• _SUPPLIED DATA_
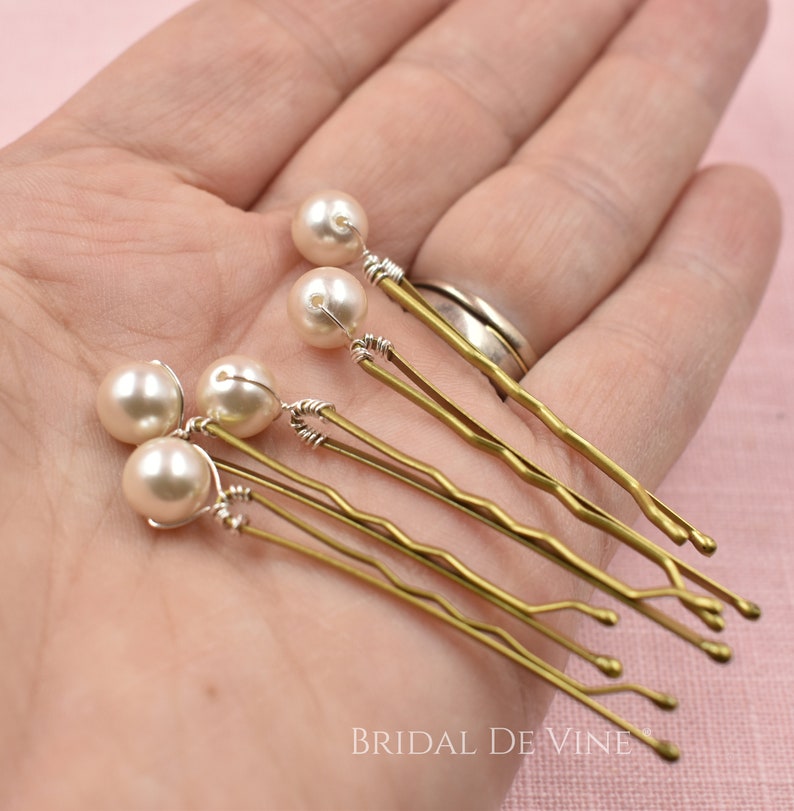 Set 5, or 10 Bridal Pearl Hair Bobby Pins, Quality Pearls, Ivory, White, Classic, Wedding Hair Grips 8mm image 8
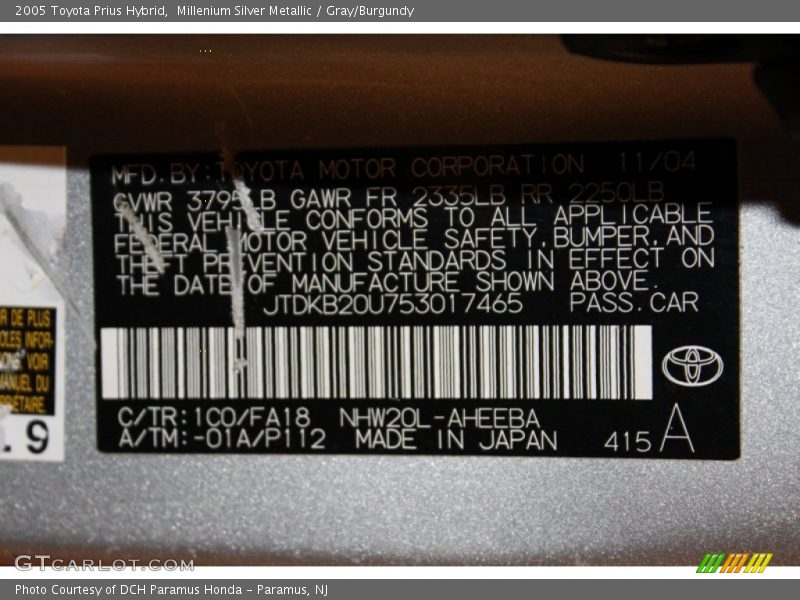 2005 Prius Hybrid Millenium Silver Metallic Color Code 1C0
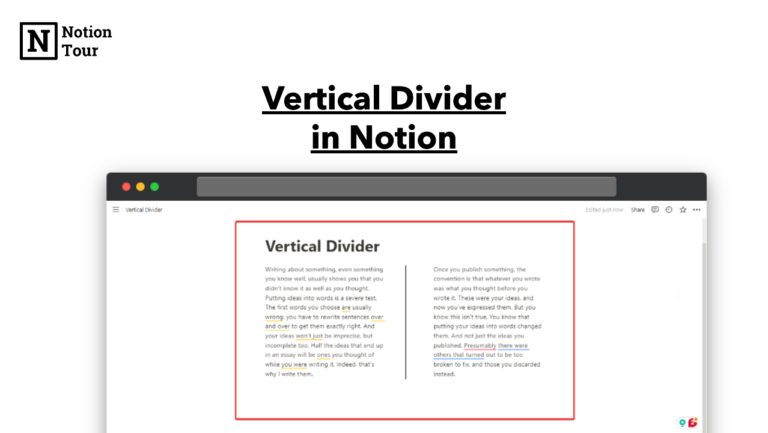 How to add a Vertical Divider in Notion
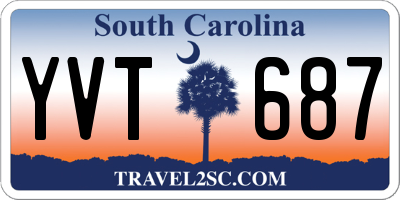 SC license plate YVT687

• _PROBLEM REQUIREMENTS_
When you write out the data, keep every line exact and drop the pictures.

• _OUTPUT FOR THIS TASK_
 Set 5, or 10 Bridal Pearl Hair Bobby Pins, Quality Pearls, Ivory, White, Classic, Wedding Hair Grips 8mm image 8
 2005 Prius Hybrid Millenium Silver Metallic Color Code 1C0
 How to add a Vertical Divider in Notion
 SC license plate YVT687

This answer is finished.